U.S. regulators have launched a sweeping review into the business practices of failed futures brokerage MF Global as they search for more than $600 million (374 million pounds) in missing customer money. The FBI also has shown a preliminary interest in regulatory probes looking into the missing funds.
CME Group, the biggest U.S. futures exchange operator, said this week that MF Global appeared to have made "transfers of customer segregated funds in a manner that may have been designed to avoid detection.
Regulators are still conducting a review into the lost funds, and there is no timetable for when it will be completed, sources say.

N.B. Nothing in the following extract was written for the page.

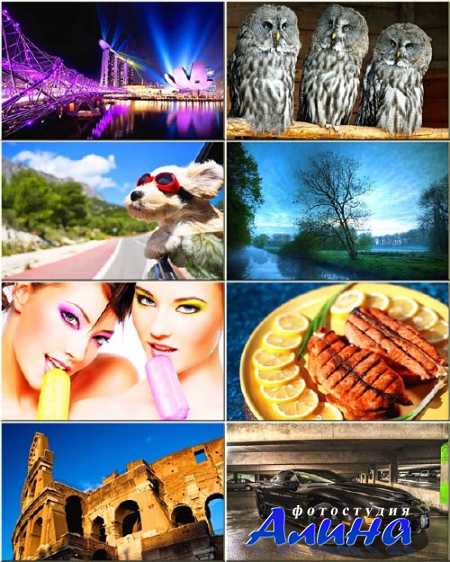 ���� - ���� �� ������ ���� #19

During the summer, MF Global Chief Jon Corzine and others from the firm had two conference calls on July 20 with the staff of the CFTC. In one of those calls, CFTC Chairman Gary Gensler was a participant.
The calls, according to a summary posted on the regulatory agency's website, centered on investing a customers' cash collateral, known as margin in the industry. In the call Gensler participated in, part of the conversation involved a discussion over repurchase agreements.
After a U.S. Senate hearing on Thursday, Gensler told reporters he has not personally spoken to Corzine since the firm filed for bankruptcy protection on Monday.
In his speech, Chilton also called on the CFTC and exchanges to do what he called "routine and robust deep data dives" on segregated accounts. He said regulators need to go beyond the balance sheets and look for the supporting documents to back up those records.
"No longer can we simply accept bottom line totals on balance sheets. These guys need to do a Tom Cruise and show us the money," he said, referencing the popular phrase uttered by characters in the 1996 movie "Jerry Maguire."
In an interview, Chilton said he has talked with his fellow commissioners at the CFTC this week about the enhanced data collection and so far has "gotten a pretty good reception" on the idea.